Plant your greens in the sunniest and flattest part of the garden to ensure a bounty of vegetables all summer and fall. Plan your vegetable and lettuce beds well so that they're easy to maintain, accessible for weeding and watering, and protected against garden invaders.

Making a new bed

Keep vegetable beds no wider than 1.2 metres (four feet). To make sure they're accessible on all sides, don't place them right next to a wall or a hedge.

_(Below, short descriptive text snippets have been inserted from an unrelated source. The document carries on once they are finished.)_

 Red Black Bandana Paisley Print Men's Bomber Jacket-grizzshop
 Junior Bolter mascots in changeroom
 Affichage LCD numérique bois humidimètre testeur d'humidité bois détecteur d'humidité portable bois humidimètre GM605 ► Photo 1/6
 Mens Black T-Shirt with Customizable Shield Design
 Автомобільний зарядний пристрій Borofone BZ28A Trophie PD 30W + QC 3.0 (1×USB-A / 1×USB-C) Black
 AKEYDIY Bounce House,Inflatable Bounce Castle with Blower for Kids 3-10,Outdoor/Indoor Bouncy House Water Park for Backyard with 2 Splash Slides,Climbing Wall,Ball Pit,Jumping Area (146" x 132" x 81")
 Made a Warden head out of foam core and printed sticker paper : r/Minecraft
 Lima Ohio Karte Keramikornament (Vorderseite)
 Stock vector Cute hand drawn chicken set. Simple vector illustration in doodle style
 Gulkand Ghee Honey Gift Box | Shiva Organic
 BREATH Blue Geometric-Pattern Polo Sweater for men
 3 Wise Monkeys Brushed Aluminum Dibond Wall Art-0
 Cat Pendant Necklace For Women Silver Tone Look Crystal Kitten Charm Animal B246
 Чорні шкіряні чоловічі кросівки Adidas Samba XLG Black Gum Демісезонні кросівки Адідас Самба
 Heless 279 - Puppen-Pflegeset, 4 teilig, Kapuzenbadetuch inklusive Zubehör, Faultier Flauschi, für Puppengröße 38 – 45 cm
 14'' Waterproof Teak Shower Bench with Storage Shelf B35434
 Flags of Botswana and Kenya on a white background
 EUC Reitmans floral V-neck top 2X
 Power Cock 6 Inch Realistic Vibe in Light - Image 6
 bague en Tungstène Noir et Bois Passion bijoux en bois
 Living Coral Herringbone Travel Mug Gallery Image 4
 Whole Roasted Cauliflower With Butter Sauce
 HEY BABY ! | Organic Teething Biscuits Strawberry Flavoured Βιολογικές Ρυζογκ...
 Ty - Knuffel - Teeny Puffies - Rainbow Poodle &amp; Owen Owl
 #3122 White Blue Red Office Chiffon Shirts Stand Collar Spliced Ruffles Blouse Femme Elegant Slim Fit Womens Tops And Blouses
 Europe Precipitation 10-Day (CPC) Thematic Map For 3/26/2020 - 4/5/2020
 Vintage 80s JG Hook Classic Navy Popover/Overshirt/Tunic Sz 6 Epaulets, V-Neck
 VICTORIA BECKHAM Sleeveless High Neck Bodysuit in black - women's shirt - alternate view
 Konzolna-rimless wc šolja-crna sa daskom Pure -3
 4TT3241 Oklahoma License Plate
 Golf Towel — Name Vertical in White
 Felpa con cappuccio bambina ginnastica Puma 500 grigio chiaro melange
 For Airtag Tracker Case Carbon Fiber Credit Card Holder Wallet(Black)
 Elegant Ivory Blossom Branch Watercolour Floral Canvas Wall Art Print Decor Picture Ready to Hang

The paths between individual beds should be about 30 centimetres (12 inches) wide.

  • Lay simple boards on the paths to keep from sinking in the mud during rainy weather.
  • Divide your vegetable bed into two: one with things you harvest daily, such as carrots, radishes and lettuce, and the other with permanent crops such as herbs, horseradish and cabbages.
  • Use berry and hazelnut bushes to provide attractive protection against cold wind.
  • Plant fighting veggies: pumpkin and squash restrict weeds; potatoes and Jerusalem artichokes loosen the soil.
  • Add basic fertilizer, preferably with compost, about three weeks before the first planting.
  • Plant low-growing veggies on the sunny side of taller ones so that they get adequate light.
  • Allow for varying ripening times when laying out the bed so you can grow different plants close together.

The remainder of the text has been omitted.